↓

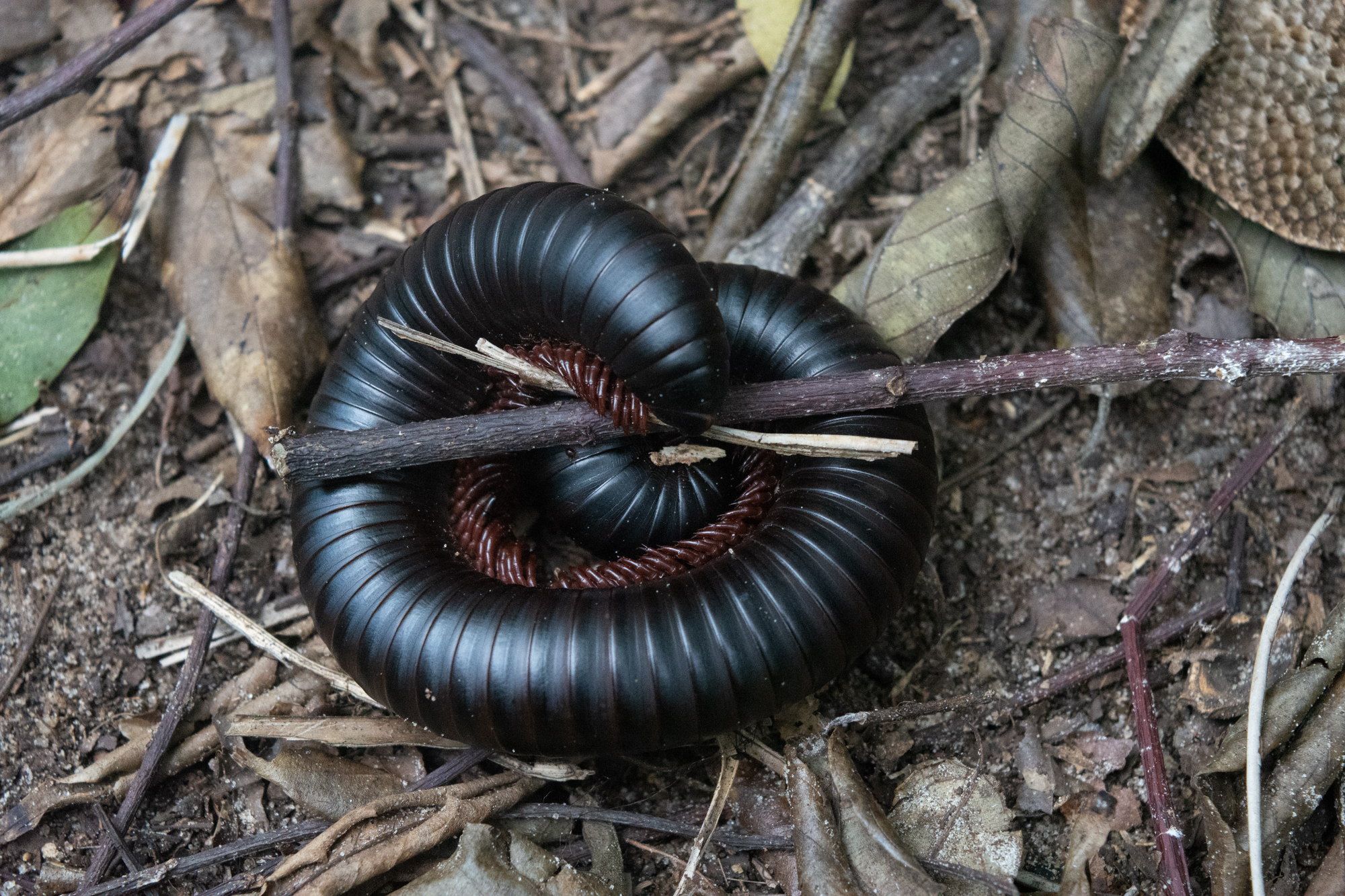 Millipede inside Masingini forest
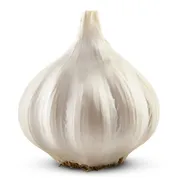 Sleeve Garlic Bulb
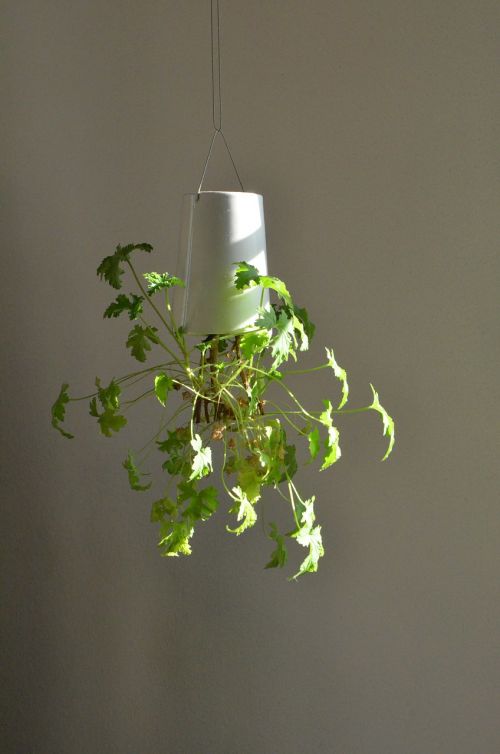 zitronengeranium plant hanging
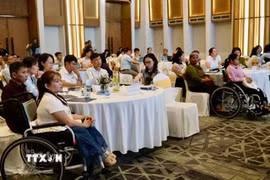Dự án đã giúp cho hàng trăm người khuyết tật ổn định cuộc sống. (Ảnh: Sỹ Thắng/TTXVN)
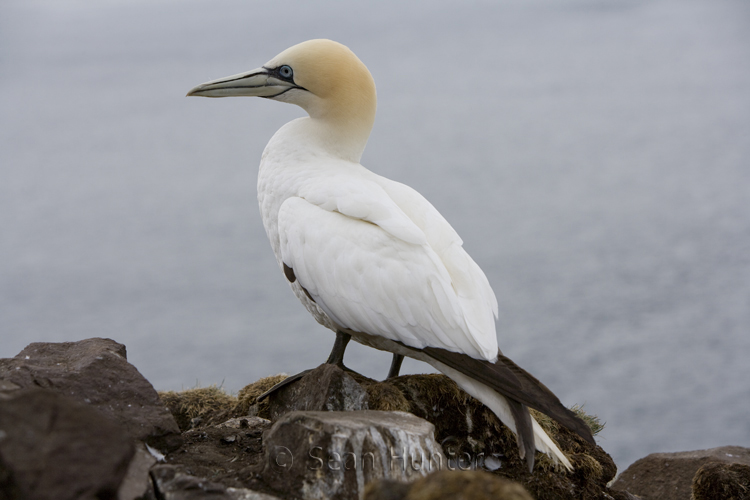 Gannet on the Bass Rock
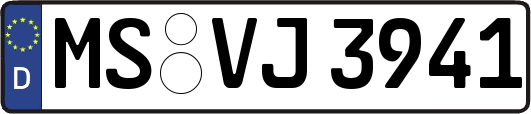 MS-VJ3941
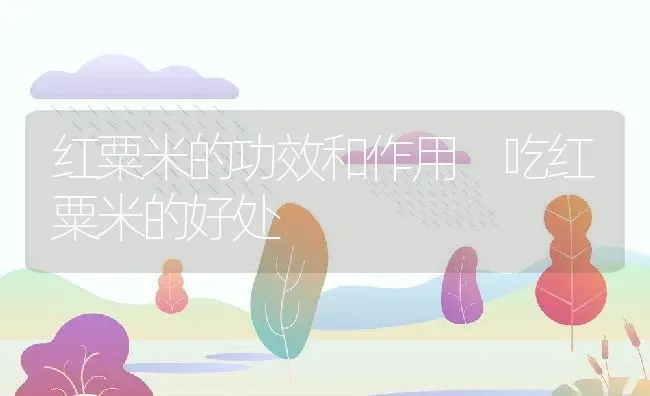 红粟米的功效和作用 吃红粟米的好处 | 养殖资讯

↑
↓

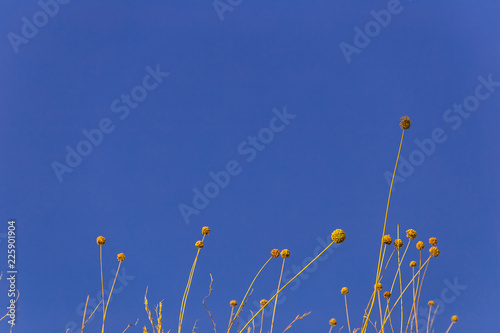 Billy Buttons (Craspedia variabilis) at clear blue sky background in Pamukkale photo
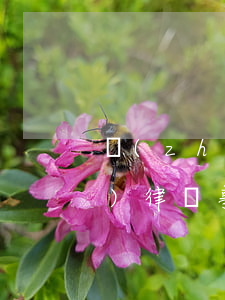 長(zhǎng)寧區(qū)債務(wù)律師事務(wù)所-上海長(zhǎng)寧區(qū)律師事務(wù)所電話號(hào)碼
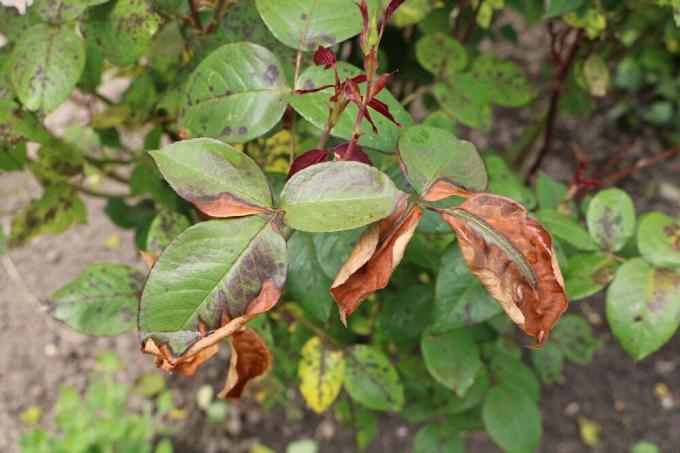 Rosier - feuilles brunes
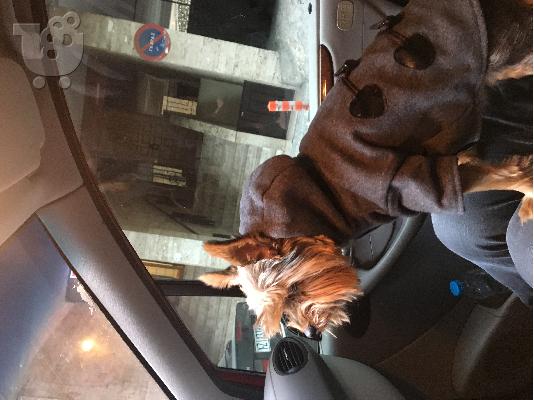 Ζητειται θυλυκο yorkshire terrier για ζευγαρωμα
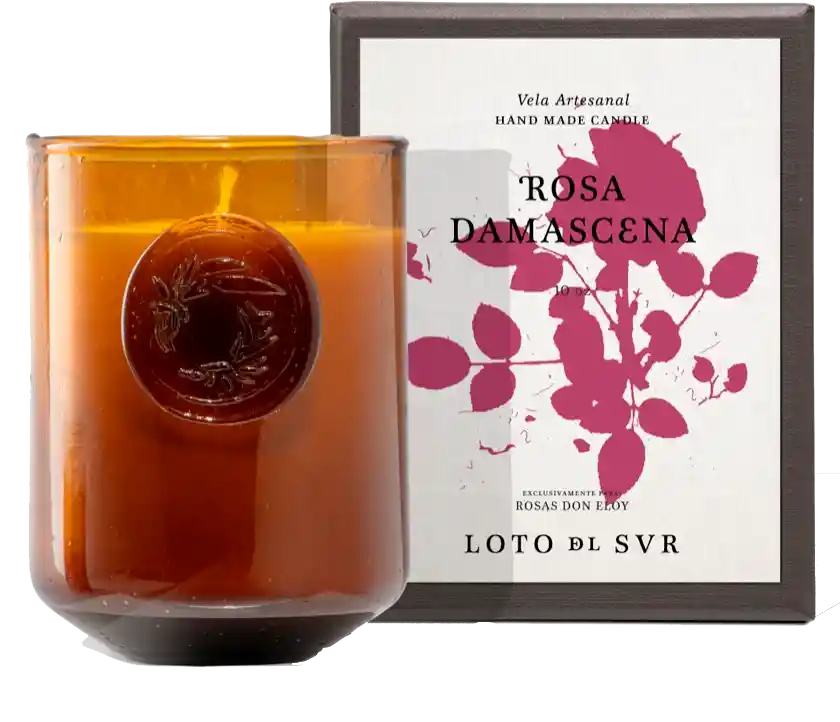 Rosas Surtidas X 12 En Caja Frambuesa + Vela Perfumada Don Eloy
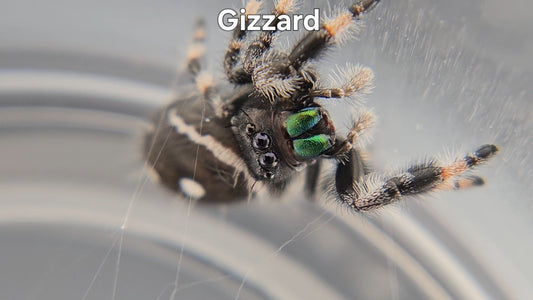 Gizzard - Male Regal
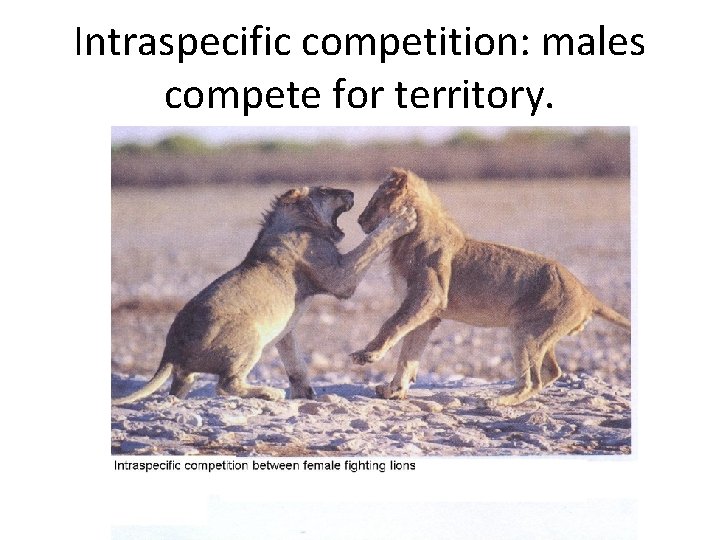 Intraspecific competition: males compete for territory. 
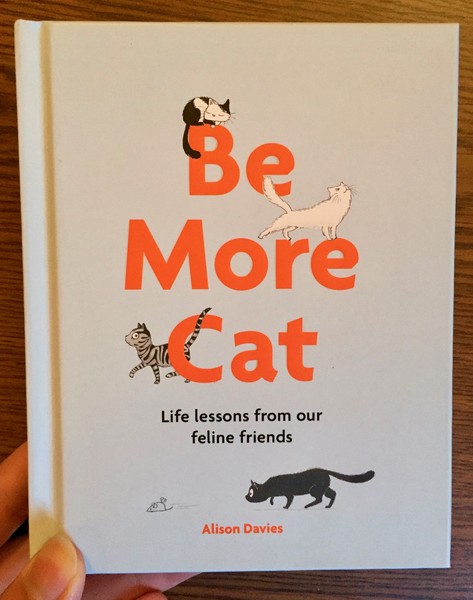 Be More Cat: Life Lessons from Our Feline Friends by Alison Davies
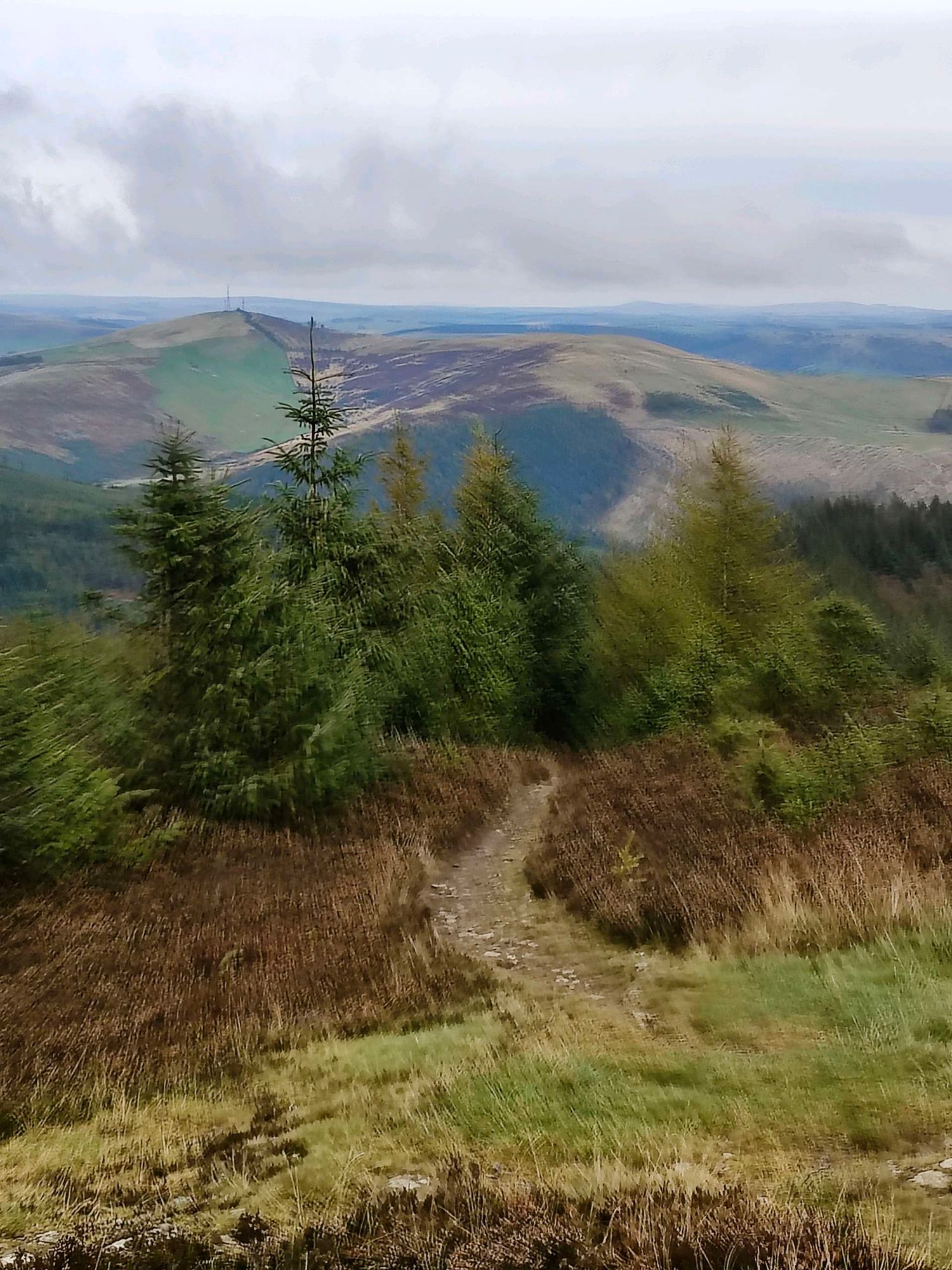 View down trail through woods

↑
↓

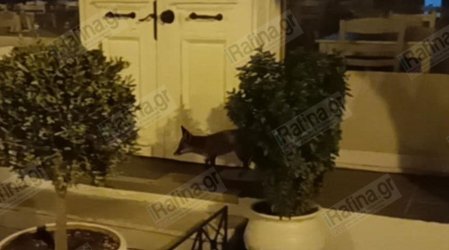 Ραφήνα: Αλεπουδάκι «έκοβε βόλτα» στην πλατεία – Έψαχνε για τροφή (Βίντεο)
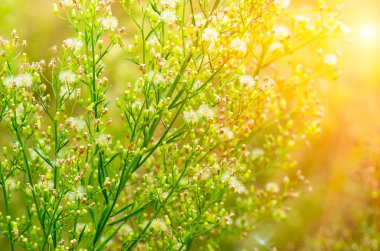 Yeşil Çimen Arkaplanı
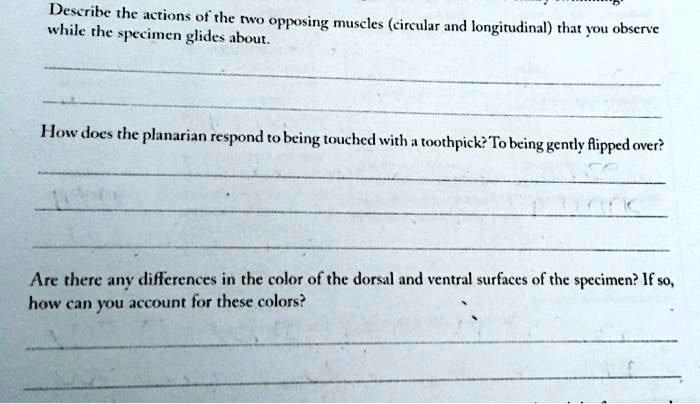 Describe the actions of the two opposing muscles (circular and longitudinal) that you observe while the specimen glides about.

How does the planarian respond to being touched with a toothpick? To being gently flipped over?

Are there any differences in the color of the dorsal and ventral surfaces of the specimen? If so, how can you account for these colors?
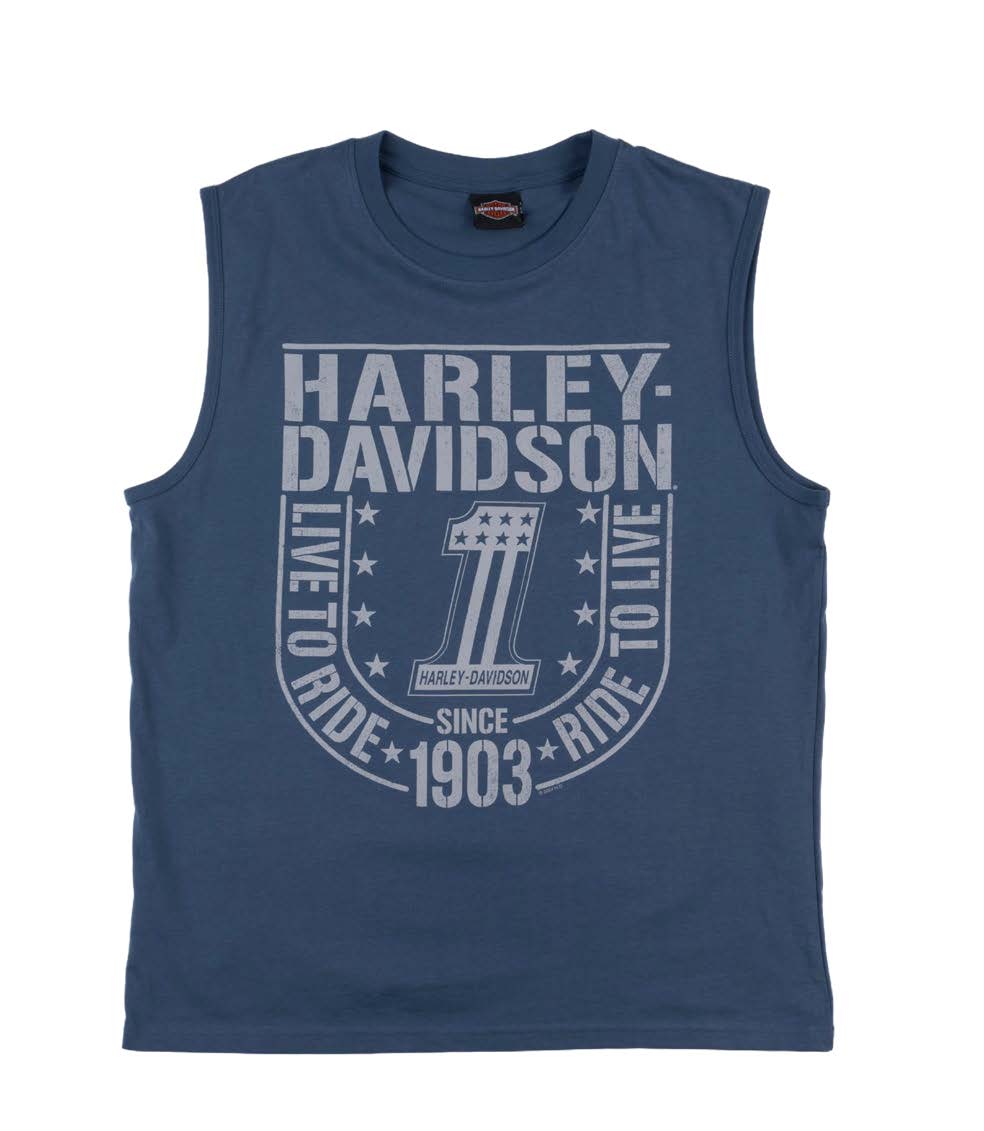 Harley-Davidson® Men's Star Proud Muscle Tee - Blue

↑

Action item: Output should consist of the lines above from the one with "Millipede inside Masingini forest" down to the one with "红粟米的功效和作用 吃红粟米的好处 | 养殖资讯", exact and without pictures.

Answer to the problem:
 Millipede inside Masingini forest
 Sleeve Garlic Bulb
 zitronengeranium plant hanging
Dự án đã giúp cho hàng trăm người khuyết tật ổn định cuộc sống. (Ảnh: Sỹ Thắng/TTXVN)
 Gannet on the Bass Rock
 MS-VJ3941
 红粟米的功效和作用 吃红粟米的好处 | 养殖资讯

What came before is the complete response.